Dropbox's New Policy of Scanning Files For DMCA Issues
Advocatus Diaboli (1627651) writes "This weekend a small corner of the Internet exploded with concern that Dropbox was going too far, actually scanning users' private and directly peer-shared files for potential copyright issues. What's actually going on is a little more complicated than that, but shows that sharing a file on Dropbox isn't always the same as sharing that file directly from your hard drive over something like e-mail or instant messenger. The whole kerfuffle started yesterday evening, when one Darrell Whitelaw tweeted a picture of an error he received when trying to share a link to a Dropbox file with a friend via IM. The Dropbox web page warned him and his friend that 'certain files in this folder can't be shared due to a takedown request in accordance with the DMCA.'"
Its been nice while it lasted, now on to other services!
If you are determined to use drop box, use an open source software as 7zip that will encrypt and zip. Otherwise, stop using drop box and move on to something else. One of the consequences of using the magical cloud is that your are bound to somebody else's rules for how they manage your data. Also note that those rules are subject to change at any time, and you don't have any say in those changes (I guess the only option is to speak with your wallet and move to greener pastures).
This is news, in the sense that Dropbox now actively crawls your files (DMCA still went about for publicly listed files anyway).
But my question is why are there people in the tech industry still surprised by the fact that Dropbox does not encrypt it's users's files and can read them outright...
That's how they do sharing between users, as well as file deduplication (Which probably works best for larger copyrighted files, funnily enough!)
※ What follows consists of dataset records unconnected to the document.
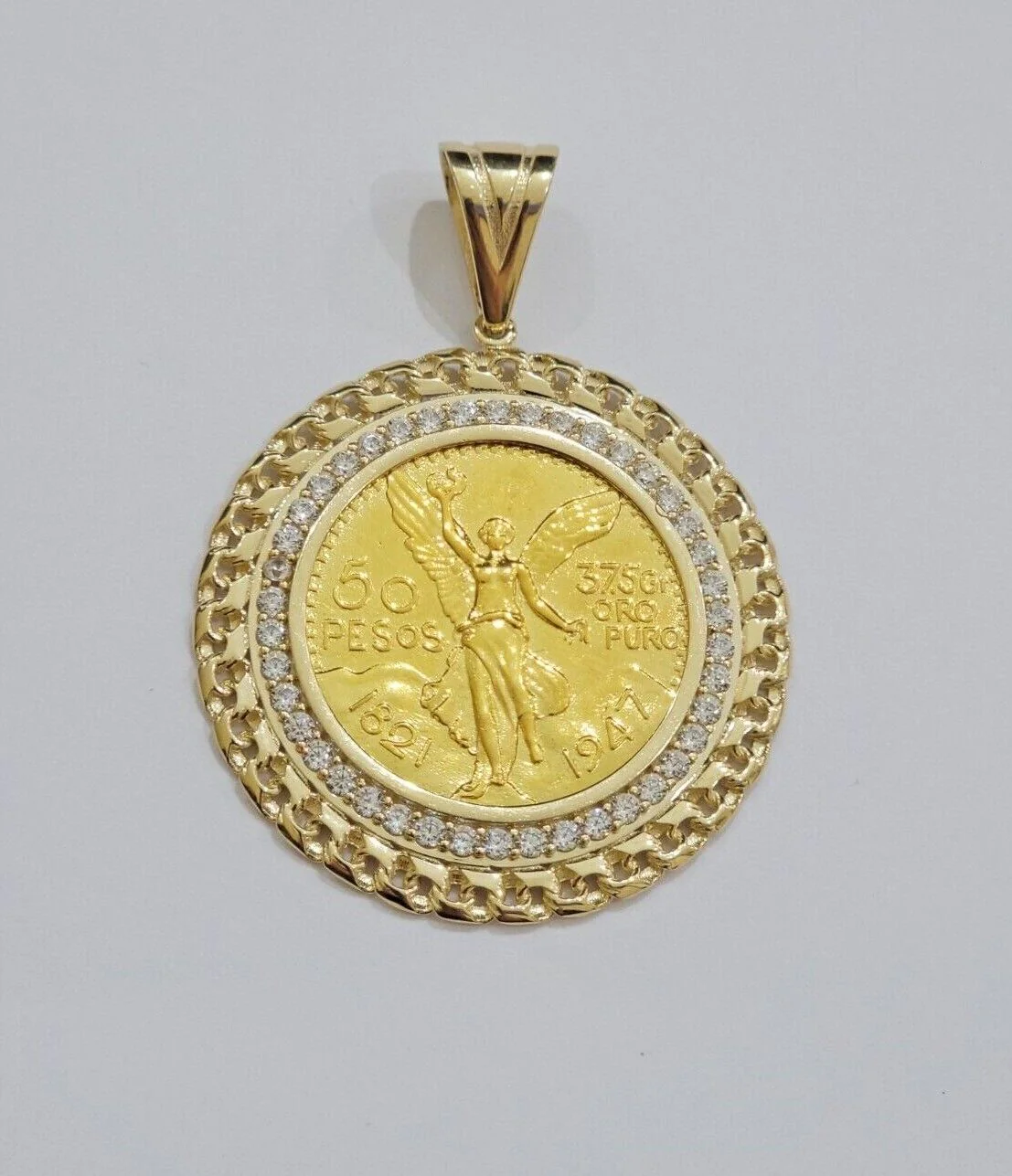 10k Gold Mexican Centenario Copy Coin Charm 50 Pesos Bezel 10kt Pendant Replica - Image 11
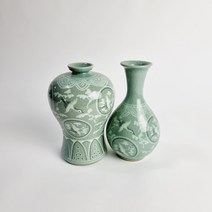 고려청자 상감 운학문 미니 소 민속품 골동품 도자기 매병 주병 2p 세트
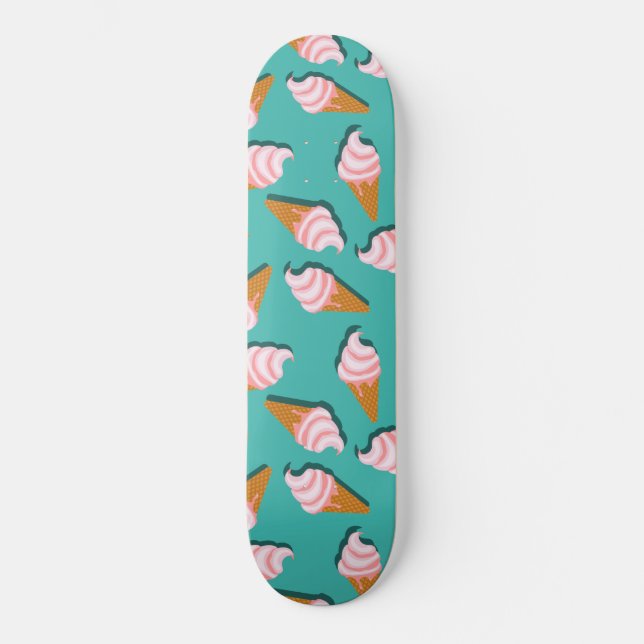Skateboard Congés gaufres crème glacée et motif de yaourt con (Recto)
I still use Dropbox, and promote it slightly: with the stern advise to use it simply as a convenient way of sharing crap, but treat it as a "public USB drive"!
Just never, ever, store sensitive data, like your business or evil masterplans, or your personal/bank/etc account details on it. But if you're sharing that MP3 you recorded on yesterday's block party, go right ahead!
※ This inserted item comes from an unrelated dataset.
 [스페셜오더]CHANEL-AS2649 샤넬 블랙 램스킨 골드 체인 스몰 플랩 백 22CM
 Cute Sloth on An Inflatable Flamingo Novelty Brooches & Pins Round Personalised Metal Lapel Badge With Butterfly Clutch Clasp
All that's required of users is to use a encryption mechanism, even weak, to encrypt said files prior to uploading.
You could potentially even use an encryption key as weak as "password" because DropBox aren't going to be in the business of guessing encryption keys (won't have the CPU grunt) so anything is going to deceive them - potentially even just XOR. Or even use the file's name.
The only downside will be that DropBox will be just that little bit harder to use without some sort of application to make encryption and decryption of files easy.
The DMCA is concerned with whether Dropbox is hosting an infringing file, not who they may be hosting the file for or for what purpose. Unfortunately this approach is forced upon Dropbox by a US law passed in an era of dial-up modems.
No kidding!!! What do you say at this point?
But this isn't new, its been going on since Dropbox implemented their DCMA violation checking system a few years ago, and you can see *why* they are doing it.
Lets clarify a few things for those that aren't going to RTFA - this isn't for private shared folders, or for folders within your own Dropbox. This is for when you create *public* links, by either using the "Shared Links" facility or when you create a public link from the old style Public folder.
Thats it. The files Dropbox is including in these scans are *publicly linked* to - and they are fair game if Dropbox wants to stay ahead of the legal system on this front. Dropbox has no idea that you only intend to share it with yourself, or one other person, and there is no mechanism by which you can ensure that yourself anyway.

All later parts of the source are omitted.